America’s New Car and Truck Dealers Are About ‘Strength’ and ‘Resiliency,’ Says NADA Chairman

Tonkin stresses importance of NADA; Urges automakers to craft new relationships with dealers

ORLANDO, Fla. (Feb. 15, 2010) - The nation's new-car dealers and the trade organization that represents them have much to look forward to in 2010 as the industry rebounds after a tough year that brought many changes, the incoming chairman of the National Automobile Dealers Association (NADA) said today at its convention in Orlando.

NADA is ready to “hit the ground running” to tackle a fresh slate of issues this year with a new attitude and new agenda that relies heavily on feedback from dealer members, said 2010 NADA Chairman Ed Tonkin, a multifranchise dealer from Portland, Ore. Tonkin is the second chairman in a row to follow his father in the position. Ron Tonkin led the association in 1989.

After avoiding an “Armageddon” for many in the industry last year, Tonkin said NADA will now turn its attention to the challenges ahead: IRS issues like UNICAP and LIFO; avoiding a patchwork of mileage standards under the new Corporate Average Fuel Economy (CAFE) requirements; and closely monitoring Congress to avoid unnecessary and burdensome regulation.

Tonkin said NADA's work to get dealers exempted from oversight under the proposed consumer Financial Protection Agency is an example of how the organization is well suited to represent dealers in Washington.

He also said last year's restructuring in the industry has created a “watershed moment” for automakers to establish a true partnership with their dealers-an opportunity that may not come again.

“Like my dad has said, 'the bird doesn't always fly by twice,'” Tonkin said. “With new ownership and new people in charge, [automakers] have a golden opportunity to craft a new relationship with their dealers, one based on a genuine spirit of cooperation.”

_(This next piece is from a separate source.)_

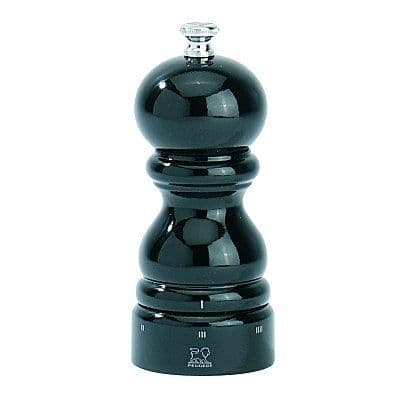 Uselect svartlackad Paris pepparkvarn 12cm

And though much uncertainty remains, Tonkin said dealers should be optimistic. With expected sales of nearly 12 million in 2010, rising employment and improved lending, the future is bright, he said.

“We've faced difficult times before and what did we do? We sold cars and trucks-in bunches,” he said. “Every possible scenario you could imagine we dealers have remained the constant. That's strength, that's resiliency and that's what America's new car and truck dealers are all about.”

More than 15,000 dealers, automaker executives, exhibitors, media and guests attended the NADA convention, which concluded today.